Charles Spencer

No. 77
- Position: Offensive tackle

Personal information
- Born: March 17, 1982 (age 44) Poughkeepsie, New York, U.S.
- Listed height: 6 ft 4 in (1.93 m)
- Listed weight: 338 lb (153 kg)

Career information
- High school: Poughkeepsie
- College: Pittsburgh
- NFL draft: 2006: 3rd round, 65th overall pick

Career history
- Houston Texans (2006–2007); Carolina Panthers (2008)*; Jacksonville Jaguars (2008); Florida Tuskers (2009);
- * Offseason or practice squad member only

Awards and highlights
- 2× Second-team All-Big East (2004–2005);

Career NFL statistics
- Games played: 2
- Games started: 2
- Stats at Pro Football Reference

= Charles Spencer (American football) =

American football player (born 1982)

Charles J. Spencer Jr. (born March 17, 1982) is an American former professional football player who was an offensive tackle in the National Football League (NFL). He was selected by the Houston Texans in the third round of the 2006 NFL draft. He played college football for the Pittsburgh Panthers.

Spencer was also a member of the Carolina Panthers, Jacksonville Jaguars, and the UFL's Florida Tuskers.

==Professional career==

Pre-draft measurables
| Height | Weight | Arm length | Hand span | 40-yard dash | 10-yard split | 20-yard split | Bench press |
| 6 ft 4+3⁄4 in (1.95 m) | 352 lb (160 kg) | 33+7⁄8 in (0.86 m) | 10+1⁄4 in (0.26 m) | 5.29 s | 1.87 s | 3.06 s | 30 reps |
All values from NFL Combine

===Houston Texans===
Two games into the 2006 season, Spencer suffered a broken leg and was out for the year.

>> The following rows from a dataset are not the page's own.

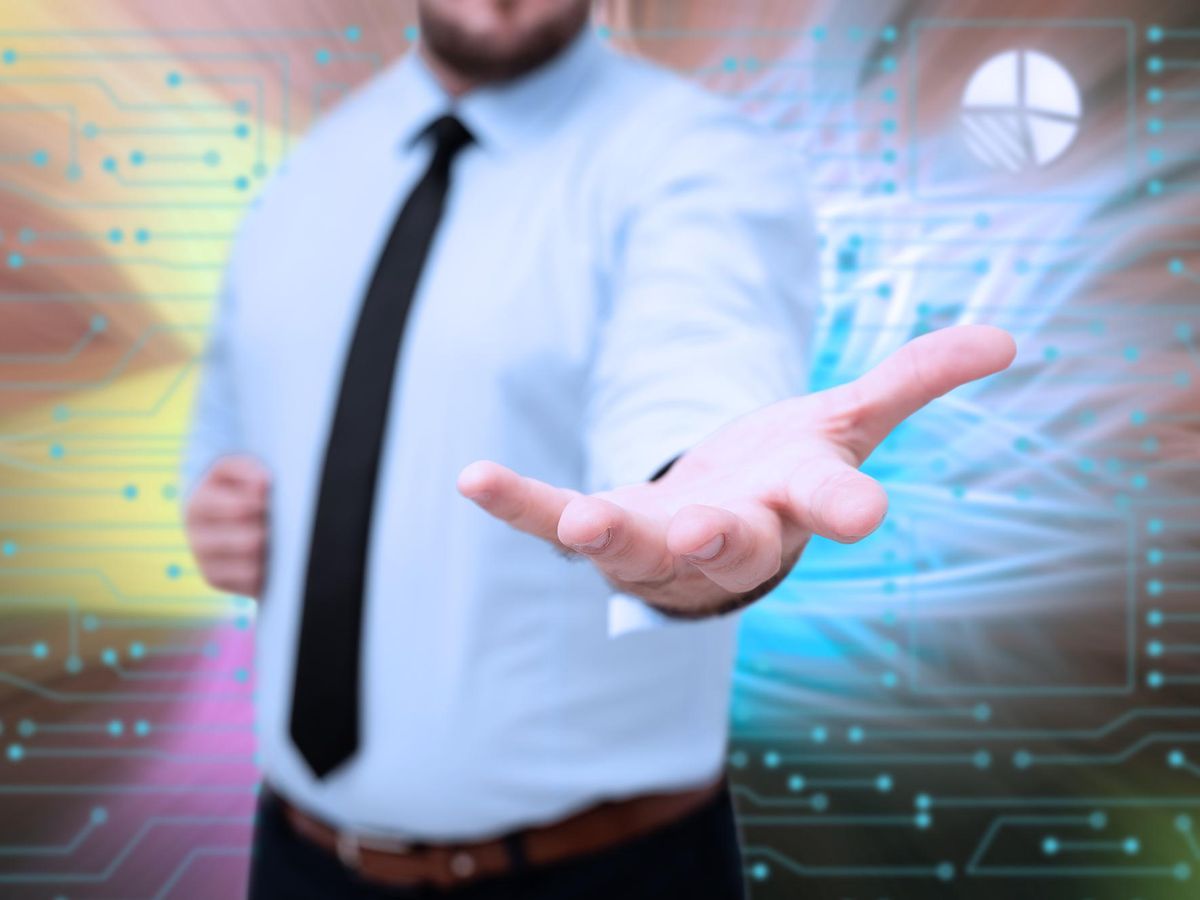 Jak nowoczesne technologie IT wspierają rozwój małych i średnich firm w Polsce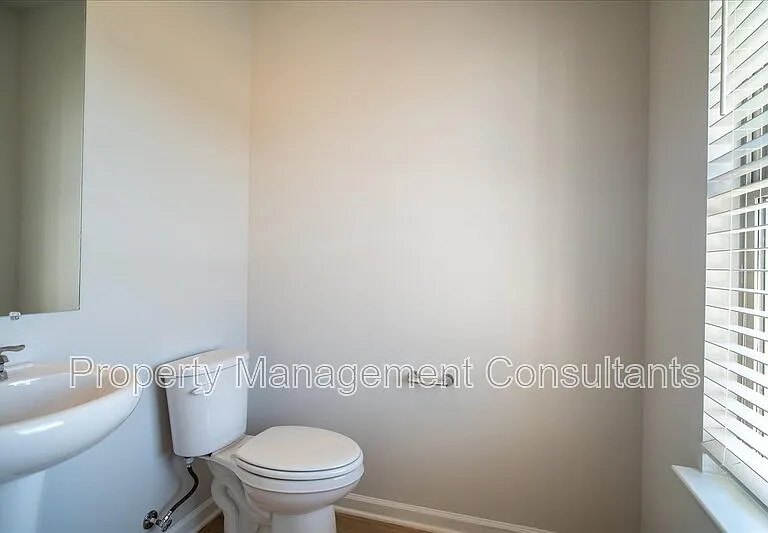 22857 Dashwood Ln — Photo 5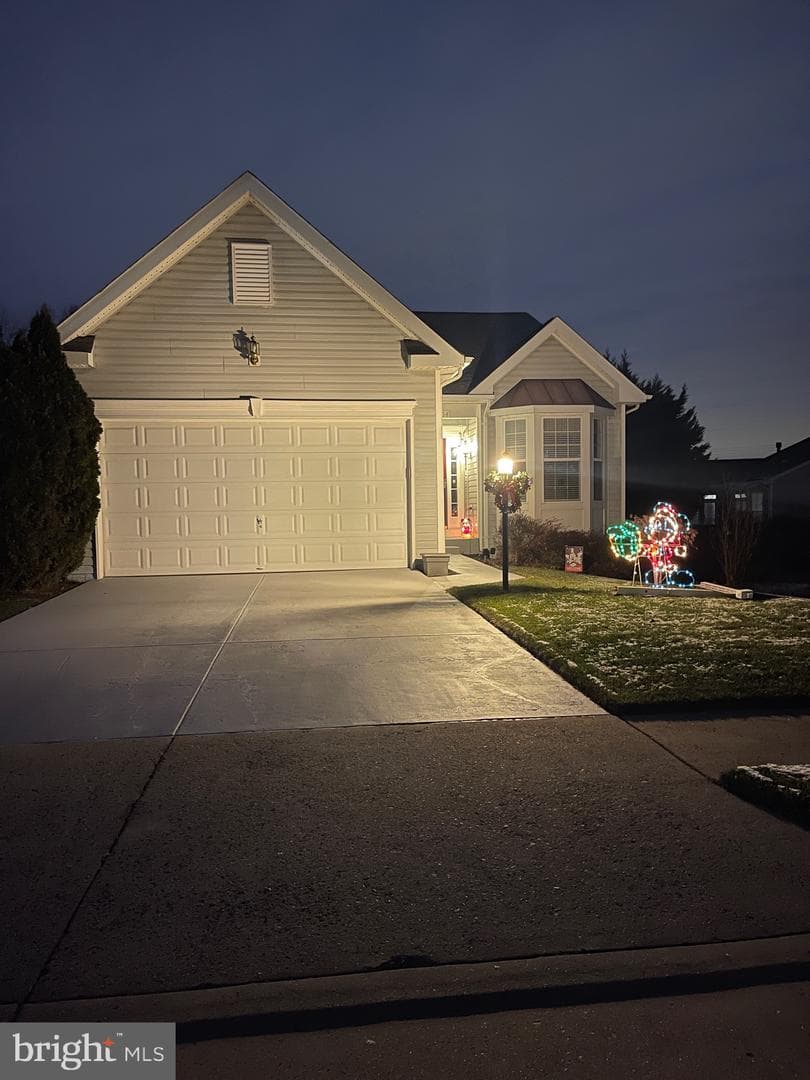 3704 Russett Maple Court photo 1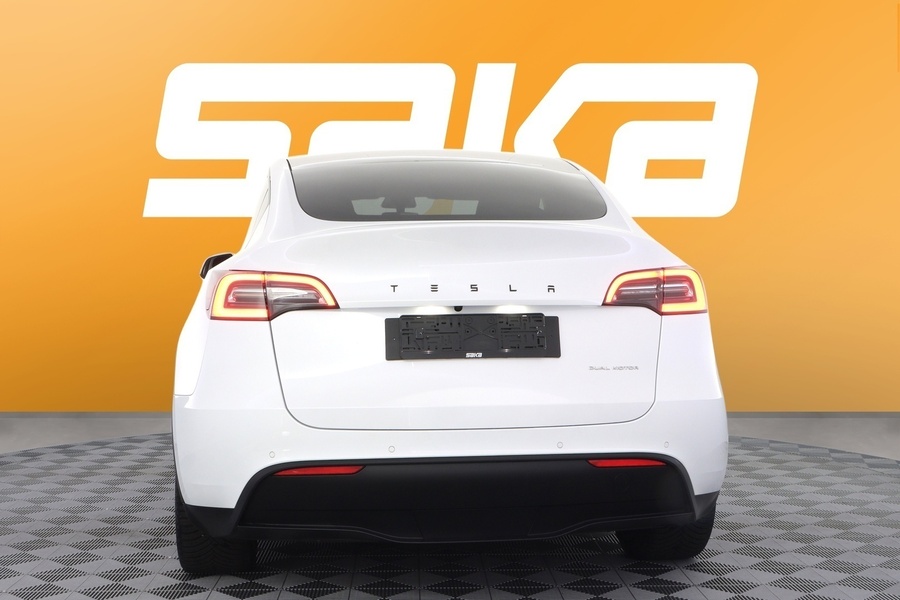 Tesla Model Y vaihtoauto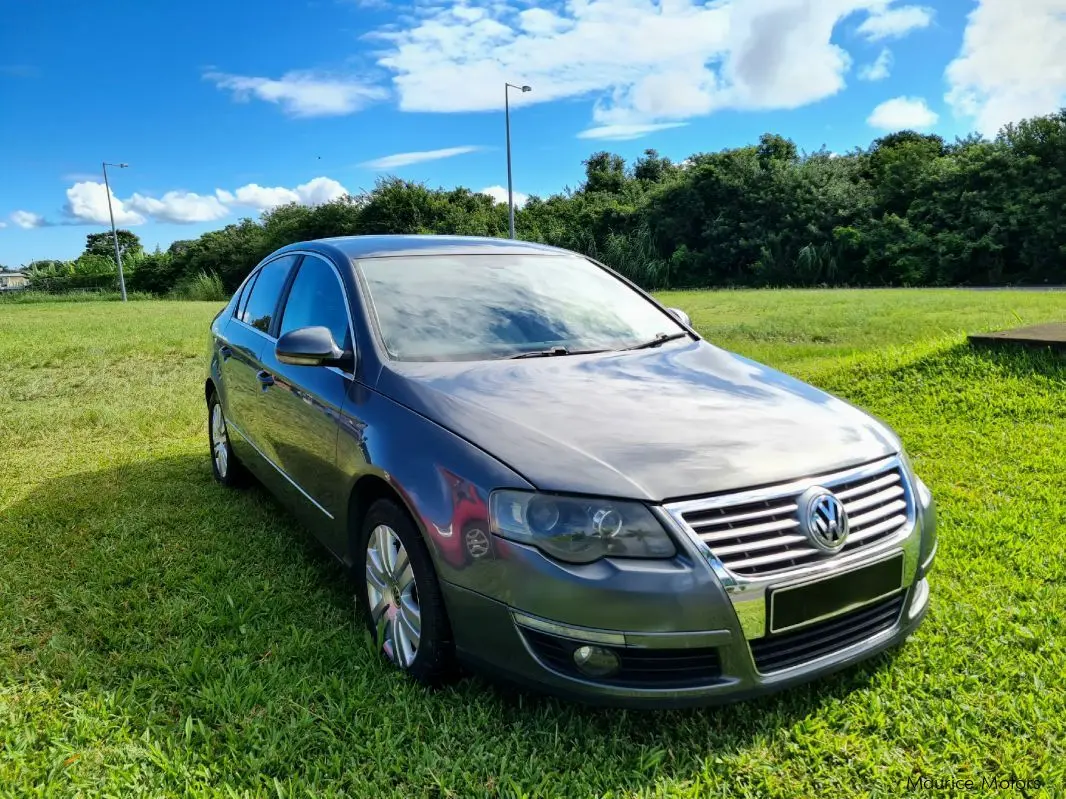 Volkswagen Passat Passat 1.6 FSI Exclusive 2
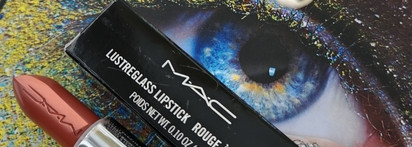 Губы в объятиях MAC Lustreglass Lipstick 508 Hug Me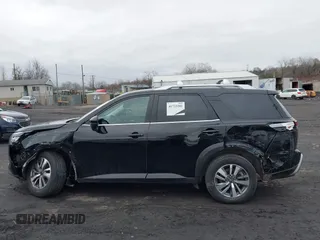2023 Nissan Pathfinder SL z VIN 5N1DR3CC7PC225860, wystawiony jako IAAI lot #41733202 z przebiegiem 23 118 mil mil oraz . Historia ofert i sprzedaży dostępna na DreamBid. Obrazek 14.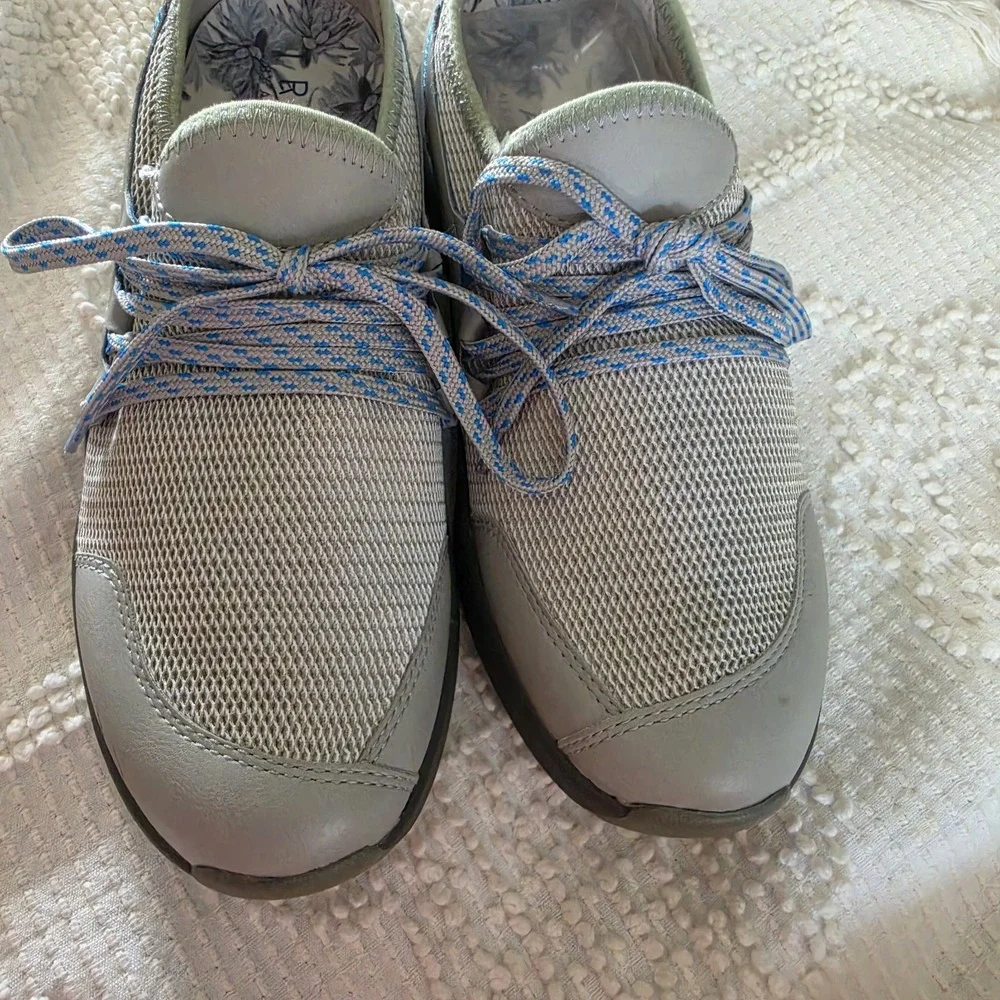 TRAQ by Alegria Lace-Up Low Top Athletic Sneakers Light Blue/Gray Size 39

He missed the entire 2007 season due to this injury as well. He was released on July 22, 2008.

===Carolina Panthers===
A day after being waived by the Texans, Spencer was claimed off waivers by the Carolina Panthers. He was waived again on August 7, with Panthers head coach John Fox citing "conditioning and weight" as the reason.

===Jacksonville Jaguars===
On September 3, 2008, Spencer was signed by the Jacksonville Jaguars. The move came a day after Jaguars offensive tackle Richard Collier was shot and hospitalized with life-threatening injuries. Collier was placed on the reserve/non-football injury list to make room for Spencer on the roster. He was waived on December 21 without having played a game for the Jaguars.

Spencer was re-signed to a future contract by the Jaguars on January 12, 2009. However, he was released on April 29, 2009.

===Florida Tuskers===
On July 21, 2009, Spencer agreed to contract terms with the Florida Tuskers of the newly formed United Football League.